Exercise brief:
Beneath this line are entries. Copy the range from the line with "Child training dog in backyard session" to the line with "Waterverf Thanksgiving-diner Ronde", ends included, exactly; leave pictures out.

Task inputs:
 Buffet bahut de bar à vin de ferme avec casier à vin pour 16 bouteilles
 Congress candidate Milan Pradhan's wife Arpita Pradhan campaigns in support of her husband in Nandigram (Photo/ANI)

...

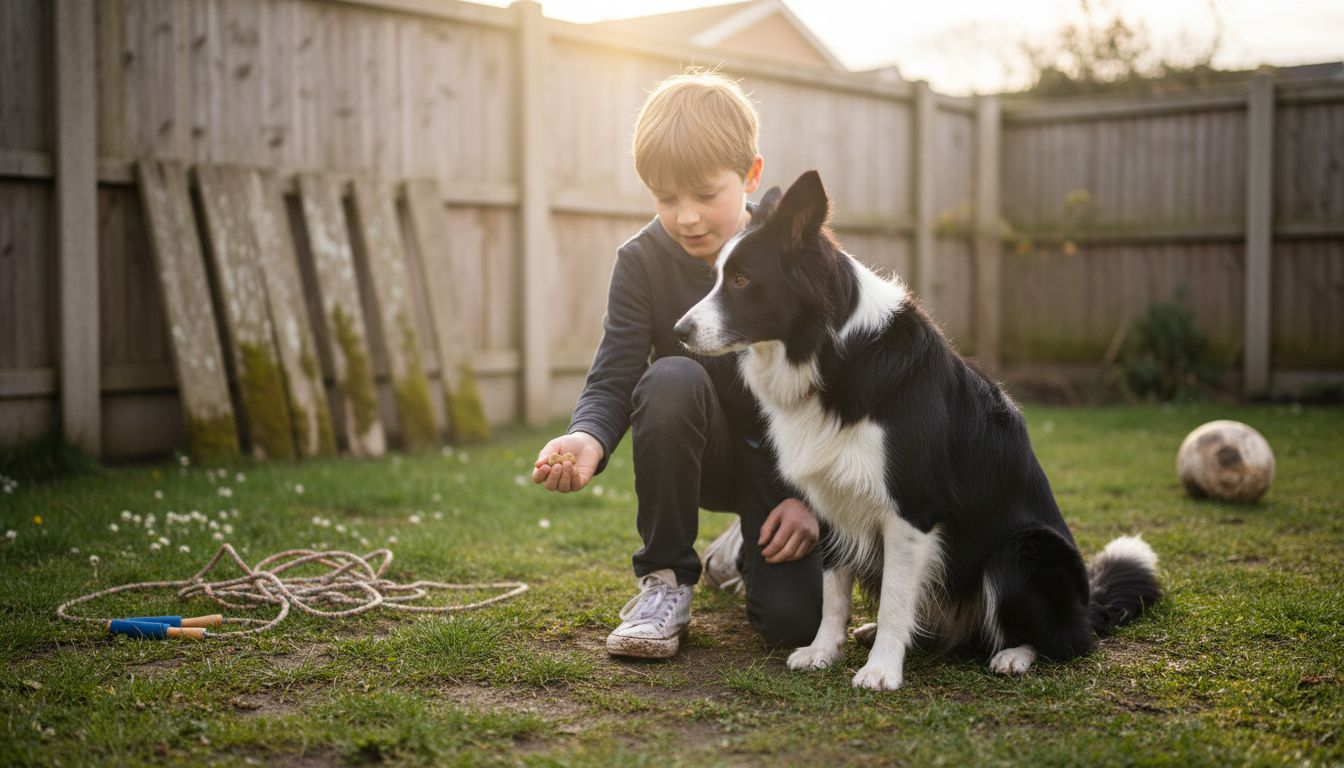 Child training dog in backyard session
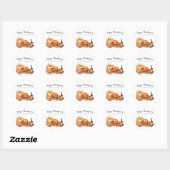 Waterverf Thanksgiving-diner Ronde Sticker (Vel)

Solution to the exercise:
 Child training dog in backyard session
 Waterverf Thanksgiving-diner Ronde Sticker (Vel)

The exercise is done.